A New Nostalgia: the EFL’s overseas signings
Clubs have brought in players from leagues in 29 different countries this summer – and it’s bloody exciting
The 2024/25 EFL season has me thinking about the 1990s… and I’m happier about it than this photo implies.
All summer, NTT20.COM has been providing twice-weekly bulletins on every transfer in our beloved Football League, analysing or at least outlining the team’s incoming player. Others have done the heavy lifting while I take a more managerial, stand-back-point-and-nod sort of role, but I’ve written a few profiles as well. And there are far more I haven’t written because I value honesty and my opening sentence would be, “I don’t know who this is.”
More and more EFL clubs are signing players from abroad – not just abroad but really far abroad – and I absolutely love it. The mystery surrounding some of these players has given me a certain specific thrill that I haven’t felt since I was a child in and of the ’90s. I know I shouldn’t be fussed by private firms constructing units for the new season with parts made from foreign labour, imported for discount rates, but hell, I’m a romantic.
I genuinely am a huge fan of this development, and not just from an objective standpoint. You don’t need me to tell you that it’s good for lower-league clubs in a difficult financial environment to spread their scouting wings and diversify, building networks, planning sustainably, prioritising sell-on value and all that jazz. Subjectively, and the reason I bring up the 1990s, I like it as a portal to another time, when we didn’t know everything there was to know about a player before they kicked a ball in this country.

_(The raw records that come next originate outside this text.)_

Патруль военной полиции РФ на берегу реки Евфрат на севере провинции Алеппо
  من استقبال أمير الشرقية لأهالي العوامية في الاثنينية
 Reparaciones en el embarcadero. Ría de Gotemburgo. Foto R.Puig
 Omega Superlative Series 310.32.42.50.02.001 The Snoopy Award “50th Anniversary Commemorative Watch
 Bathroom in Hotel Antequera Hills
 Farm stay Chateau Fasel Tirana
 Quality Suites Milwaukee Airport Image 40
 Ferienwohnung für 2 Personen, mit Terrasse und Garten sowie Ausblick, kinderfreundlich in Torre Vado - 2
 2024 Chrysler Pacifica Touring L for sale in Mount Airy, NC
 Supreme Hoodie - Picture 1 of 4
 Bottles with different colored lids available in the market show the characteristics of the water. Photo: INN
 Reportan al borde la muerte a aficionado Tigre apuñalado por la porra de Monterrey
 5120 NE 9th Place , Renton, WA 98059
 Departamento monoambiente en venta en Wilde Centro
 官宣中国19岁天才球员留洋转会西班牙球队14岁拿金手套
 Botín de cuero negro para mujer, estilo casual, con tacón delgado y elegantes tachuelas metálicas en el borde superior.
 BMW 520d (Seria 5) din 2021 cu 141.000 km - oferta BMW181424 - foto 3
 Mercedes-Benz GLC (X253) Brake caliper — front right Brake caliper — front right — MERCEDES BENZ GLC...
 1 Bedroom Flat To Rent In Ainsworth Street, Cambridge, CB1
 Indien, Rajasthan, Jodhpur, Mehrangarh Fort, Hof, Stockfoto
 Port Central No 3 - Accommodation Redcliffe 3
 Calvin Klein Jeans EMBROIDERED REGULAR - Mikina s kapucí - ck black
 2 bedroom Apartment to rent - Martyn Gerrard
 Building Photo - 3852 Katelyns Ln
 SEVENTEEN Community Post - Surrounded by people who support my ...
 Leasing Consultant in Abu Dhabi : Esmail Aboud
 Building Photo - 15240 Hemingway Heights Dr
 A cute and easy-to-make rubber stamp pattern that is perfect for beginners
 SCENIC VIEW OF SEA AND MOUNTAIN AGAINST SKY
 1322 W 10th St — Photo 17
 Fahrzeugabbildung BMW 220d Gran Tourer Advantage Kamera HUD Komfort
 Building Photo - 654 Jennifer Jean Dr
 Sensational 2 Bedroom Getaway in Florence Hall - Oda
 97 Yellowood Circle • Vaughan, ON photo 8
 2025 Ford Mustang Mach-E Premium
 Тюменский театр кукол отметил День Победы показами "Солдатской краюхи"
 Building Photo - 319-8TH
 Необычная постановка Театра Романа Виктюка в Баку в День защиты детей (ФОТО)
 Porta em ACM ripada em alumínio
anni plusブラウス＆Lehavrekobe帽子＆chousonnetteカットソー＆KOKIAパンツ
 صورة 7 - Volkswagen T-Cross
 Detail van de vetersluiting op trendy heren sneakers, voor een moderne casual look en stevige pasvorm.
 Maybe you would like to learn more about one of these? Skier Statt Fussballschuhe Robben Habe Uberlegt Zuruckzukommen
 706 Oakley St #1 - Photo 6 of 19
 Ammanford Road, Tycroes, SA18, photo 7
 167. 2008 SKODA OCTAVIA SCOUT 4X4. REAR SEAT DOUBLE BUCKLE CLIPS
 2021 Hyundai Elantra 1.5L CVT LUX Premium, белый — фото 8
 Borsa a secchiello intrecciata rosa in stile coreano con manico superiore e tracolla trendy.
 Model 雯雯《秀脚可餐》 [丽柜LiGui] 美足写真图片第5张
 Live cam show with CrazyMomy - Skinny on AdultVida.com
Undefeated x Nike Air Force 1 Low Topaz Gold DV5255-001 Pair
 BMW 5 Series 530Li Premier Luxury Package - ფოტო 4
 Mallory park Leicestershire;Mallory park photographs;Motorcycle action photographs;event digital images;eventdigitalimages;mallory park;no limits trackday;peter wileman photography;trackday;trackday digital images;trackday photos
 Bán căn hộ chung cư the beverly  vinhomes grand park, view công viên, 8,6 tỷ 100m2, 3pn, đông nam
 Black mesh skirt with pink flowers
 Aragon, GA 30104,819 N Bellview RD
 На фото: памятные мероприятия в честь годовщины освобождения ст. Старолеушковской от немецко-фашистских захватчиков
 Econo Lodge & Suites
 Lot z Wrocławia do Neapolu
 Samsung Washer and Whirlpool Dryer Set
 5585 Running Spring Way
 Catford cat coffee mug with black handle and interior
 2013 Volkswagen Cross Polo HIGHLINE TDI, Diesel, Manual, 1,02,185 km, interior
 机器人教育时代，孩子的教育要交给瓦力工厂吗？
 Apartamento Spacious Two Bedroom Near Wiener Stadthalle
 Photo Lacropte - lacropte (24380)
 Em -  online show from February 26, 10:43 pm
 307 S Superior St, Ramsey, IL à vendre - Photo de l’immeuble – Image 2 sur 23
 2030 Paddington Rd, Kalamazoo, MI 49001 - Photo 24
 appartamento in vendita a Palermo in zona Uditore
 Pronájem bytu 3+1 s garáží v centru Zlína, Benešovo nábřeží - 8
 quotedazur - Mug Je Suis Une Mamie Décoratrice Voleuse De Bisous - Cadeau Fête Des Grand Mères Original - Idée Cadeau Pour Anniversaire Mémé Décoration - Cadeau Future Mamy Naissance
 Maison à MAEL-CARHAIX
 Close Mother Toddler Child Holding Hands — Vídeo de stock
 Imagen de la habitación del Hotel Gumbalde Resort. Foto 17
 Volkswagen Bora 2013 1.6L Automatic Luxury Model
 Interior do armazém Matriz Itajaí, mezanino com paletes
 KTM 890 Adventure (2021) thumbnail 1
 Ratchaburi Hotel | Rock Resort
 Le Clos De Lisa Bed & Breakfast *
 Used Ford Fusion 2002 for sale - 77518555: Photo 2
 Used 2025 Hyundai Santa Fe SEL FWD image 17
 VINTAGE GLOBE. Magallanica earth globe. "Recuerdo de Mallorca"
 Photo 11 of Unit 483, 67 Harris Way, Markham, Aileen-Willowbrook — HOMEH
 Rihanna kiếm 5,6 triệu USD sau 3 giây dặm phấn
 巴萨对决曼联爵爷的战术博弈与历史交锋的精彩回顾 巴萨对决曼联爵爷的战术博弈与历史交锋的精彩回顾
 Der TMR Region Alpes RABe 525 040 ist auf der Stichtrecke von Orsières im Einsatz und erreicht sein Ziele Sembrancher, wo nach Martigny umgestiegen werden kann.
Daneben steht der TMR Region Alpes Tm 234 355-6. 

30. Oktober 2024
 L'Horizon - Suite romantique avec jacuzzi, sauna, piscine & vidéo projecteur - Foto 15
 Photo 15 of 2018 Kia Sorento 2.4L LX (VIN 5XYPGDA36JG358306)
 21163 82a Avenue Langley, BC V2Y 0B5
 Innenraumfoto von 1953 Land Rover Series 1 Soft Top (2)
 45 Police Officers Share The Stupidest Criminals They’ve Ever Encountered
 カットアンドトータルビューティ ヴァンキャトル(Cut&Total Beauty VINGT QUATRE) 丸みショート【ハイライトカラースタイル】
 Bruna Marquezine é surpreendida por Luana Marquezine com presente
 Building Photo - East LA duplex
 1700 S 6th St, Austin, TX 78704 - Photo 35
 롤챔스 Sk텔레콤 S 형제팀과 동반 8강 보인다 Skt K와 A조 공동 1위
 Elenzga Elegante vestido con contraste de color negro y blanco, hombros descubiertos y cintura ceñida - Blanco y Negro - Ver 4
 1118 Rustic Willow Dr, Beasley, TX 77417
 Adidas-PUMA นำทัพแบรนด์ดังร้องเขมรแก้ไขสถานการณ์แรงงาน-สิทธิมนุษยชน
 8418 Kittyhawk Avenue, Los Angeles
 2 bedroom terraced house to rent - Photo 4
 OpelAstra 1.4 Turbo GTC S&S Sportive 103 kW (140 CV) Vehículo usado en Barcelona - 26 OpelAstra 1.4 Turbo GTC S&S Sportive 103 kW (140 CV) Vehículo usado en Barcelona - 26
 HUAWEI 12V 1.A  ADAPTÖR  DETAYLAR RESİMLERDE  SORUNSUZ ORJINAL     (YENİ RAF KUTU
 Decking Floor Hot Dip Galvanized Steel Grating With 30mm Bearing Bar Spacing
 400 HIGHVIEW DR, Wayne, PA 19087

Personally, the names always fascinated me. I was drawn towards players whose names I couldn’t pronounce. On the face of it, there’d be no reason for a primary-school-aged football fan in the UK to be interested in an Eastern European goalkeeper with a bowl haircut, but his name was Pavel Srnicek and where are the vowels there? Tell me your secrets, you alluring beast. Peter Ndlovu? Pontus Kåmark? Sirs, you have intrigued me. It’s a world far removed from today, in which children will happily rave about Kylian Mbappé’s stats and copy Cristiano Ronaldo’s siuuu celebration, wearing an Al-Nassr shirt. The past is a foreign country, and it has a great national team.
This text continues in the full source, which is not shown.